Florida closed approximately $127 billion in commercial real estate transactions in 2024, ranking it third nationally behind New York and California for the first time. This volume is being serviced by a relatively small community of experienced transactional real estate attorneys, creating a supply-demand imbalance that is driving compensation to levels that were unimaginable in the Florida market five years ago.
What's Driving Volume
Several structural factors have converged to produce Florida's commercial real estate surge:
- Corporate relocations creating office, industrial, and mixed-use demand in all major markets
- Population growth driving multifamily residential development at unprecedented scale
- Foreign capital — particularly from Latin America, Europe, and the Middle East — targeting Florida assets as a dollar-denominated safe harbor
- Opportunity Zone investments creating complex transactional structures in designated census tracts across Miami, Tampa, and Orlando
- Industrial and logistics demand driven by the reorganization of supply chains toward nearshoring and domestic production
The Complexity Premium
Florida's real estate transactions have increased not just in volume but in complexity. EB-5 immigration financing, complex joint venture structures involving multiple investor classes, Opportunity Zone regulatory compliance, and cross-border tax planning for foreign purchasers all require specialized expertise that moves well beyond standard conveyancing and lending work.
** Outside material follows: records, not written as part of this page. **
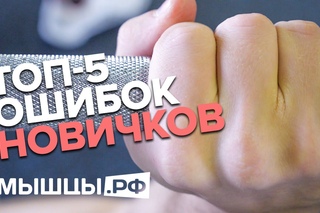 Топ-5 глупых ошибок новичков в зале! Линдовер, Миронов, Ложников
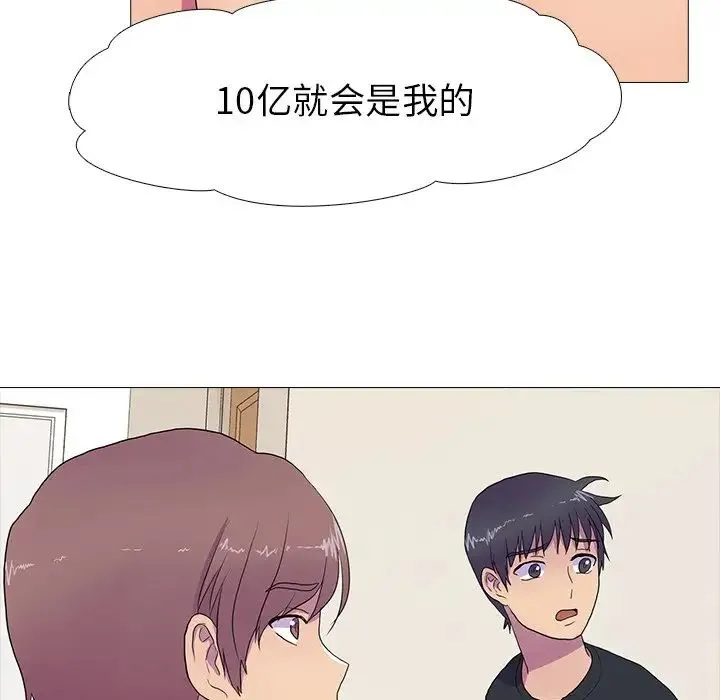 真人实境秀 - 第8話 - page 56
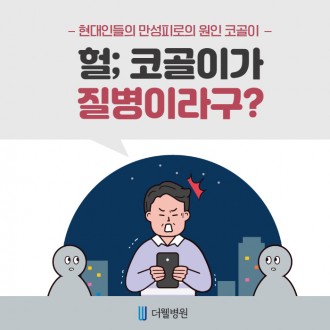 헐; 코골이가 질병이라구?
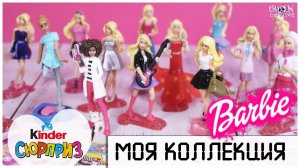Все ?БАРБИ? из Киндера | Моя коллекция Kinder Сюрприз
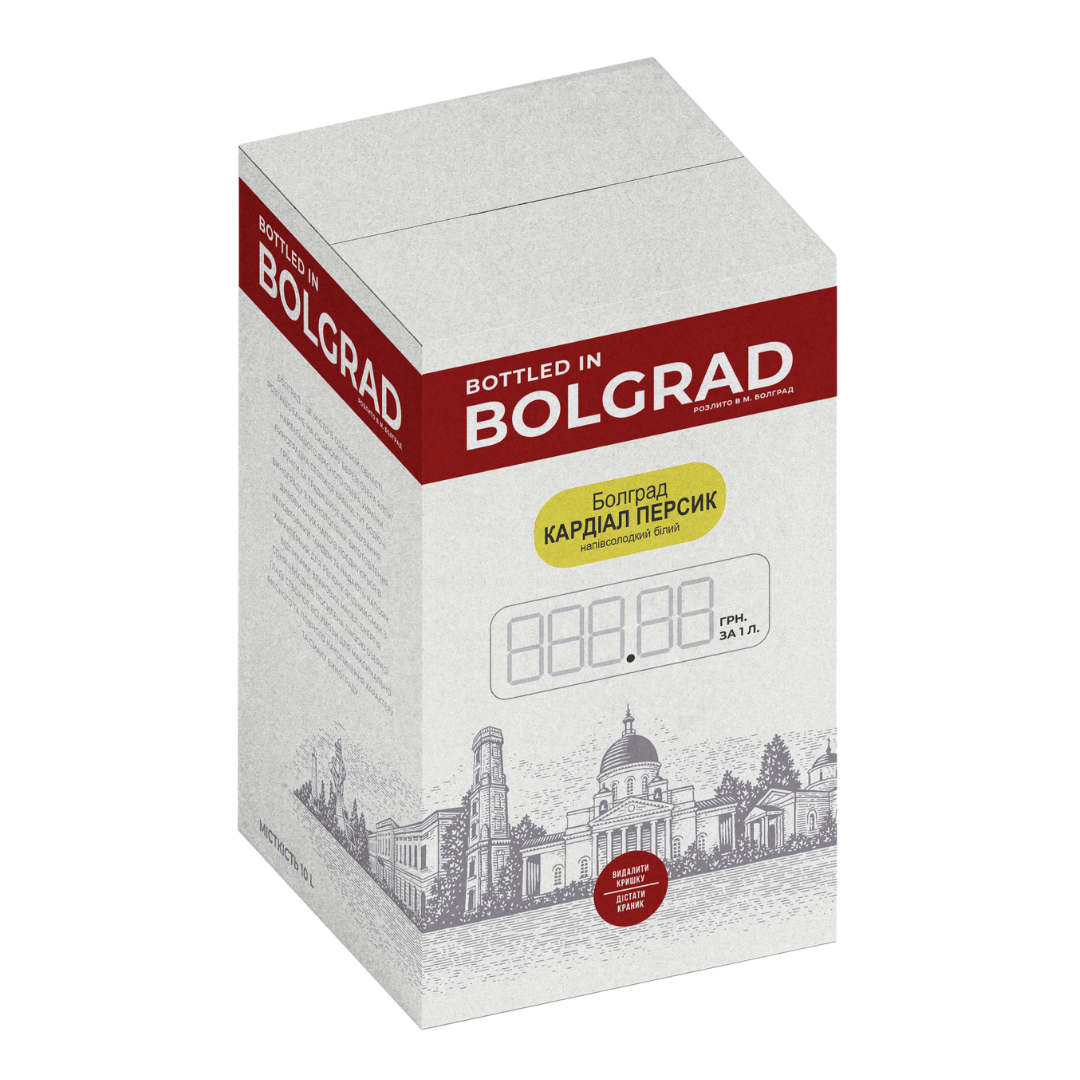 Напій винний Болград Кардіал Персик білий 10л 9-12%
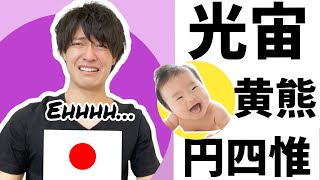 Download lagu Japan’s WORST baby names (Kirakira names) mp3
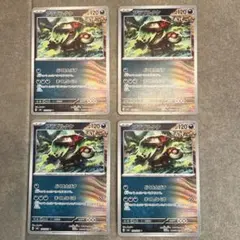 【ポケカ】アラブルタケ 4枚セット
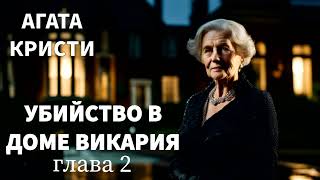 АГАТА КРИСТИ  УБИЙСТВО В ДОМЕ ВИКАРИЯ ГЛАВА 2  РАССКАЗ  АУДИОКНИГА [upl. by Itnahs]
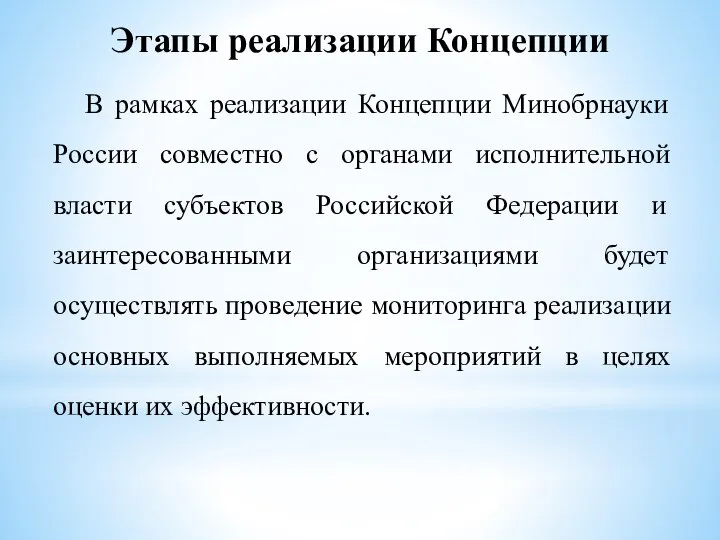 Этапы реализации Концепции В рамках реализации Концепции Минобрнауки России совместно с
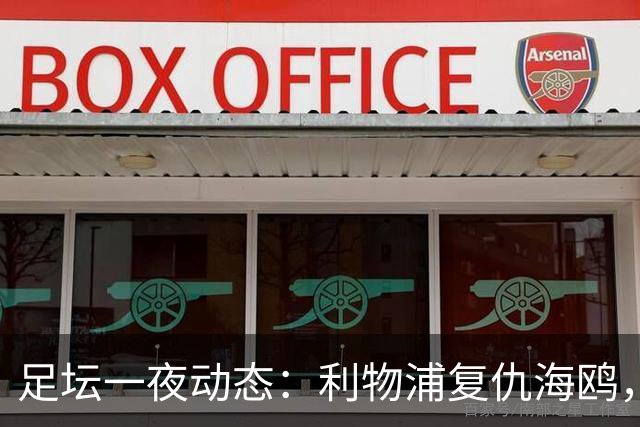 足坛一夜动态：利物浦复仇海鸥，曼联惨败造耻辱纪录，皇马绝杀巴萨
A senior transactional real estate attorney in Florida who can handle complex capital stacks, negotiate joint venture agreements for institutional partners, and manage the closing of $500M+ transactions is not competing against most of the bar. They are competing against perhaps 200-300 attorneys in the state. The market compensates accordingly.
Compensation Reality
Partners at AmLaw firms with active Florida commercial real estate practices are generating $2.5M to $5M in annual billings and taking home compensation in the $800K to $1.5M range. Senior associates with 6-8 years of complex transactional experience and some book development are receiving lateral offers ranging from $450K to $650K total compensation.
In-house transactional counsel at major real estate developers and investment managers — Lennar, Related Group, Brookfield's Florida operations — are receiving total compensation in the $350K to $500K range with meaningful equity participation in project-level profits.
The Generalist Trap
Florida's real estate market has created a secondary talent challenge: the proliferation of attorneys who describe themselves as real estate counsel but whose experience is concentrated in residential closings or routine commercial lending. These attorneys are not capturing the compensation premium described above. Law firms and corporate clients distinguish sharply between attorneys who have developed genuine transactional sophistication and those who have been adjacent to high-volume, lower-complexity work.
Candidates who want to position themselves for Florida's highest-compensation real estate opportunities need to be able to articulate specific transactions — the structure, their role, the complexity resolved — not simply a tenure at a firm with a real estate practice.